● **DIRECTIONS**: Return the exact lines spanning from the line with "Рюкзак Ultimate Direction" through the last line of the entries, boundaries included, and no others.

---- LISTED RECORDS

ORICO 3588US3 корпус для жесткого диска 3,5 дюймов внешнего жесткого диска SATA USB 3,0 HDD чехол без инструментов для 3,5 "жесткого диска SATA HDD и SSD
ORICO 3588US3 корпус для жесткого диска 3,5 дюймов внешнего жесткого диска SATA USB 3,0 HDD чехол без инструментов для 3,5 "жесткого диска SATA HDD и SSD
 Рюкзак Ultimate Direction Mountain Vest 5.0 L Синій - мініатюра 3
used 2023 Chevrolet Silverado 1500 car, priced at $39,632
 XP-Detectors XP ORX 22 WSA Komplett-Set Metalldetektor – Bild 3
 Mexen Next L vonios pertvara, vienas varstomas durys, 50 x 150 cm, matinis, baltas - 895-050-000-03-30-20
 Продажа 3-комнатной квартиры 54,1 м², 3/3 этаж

--------

● **RESPONSE TO THIS TASK**:
 Рюкзак Ultimate Direction Mountain Vest 5.0 L Синій - мініатюра 3
used 2023 Chevrolet Silverado 1500 car, priced at $39,632
 XP-Detectors XP ORX 22 WSA Komplett-Set Metalldetektor – Bild 3
 Mexen Next L vonios pertvara, vienas varstomas durys, 50 x 150 cm, matinis, baltas - 895-050-000-03-30-20
 Продажа 3-комнатной квартиры 54,1 м², 3/3 этаж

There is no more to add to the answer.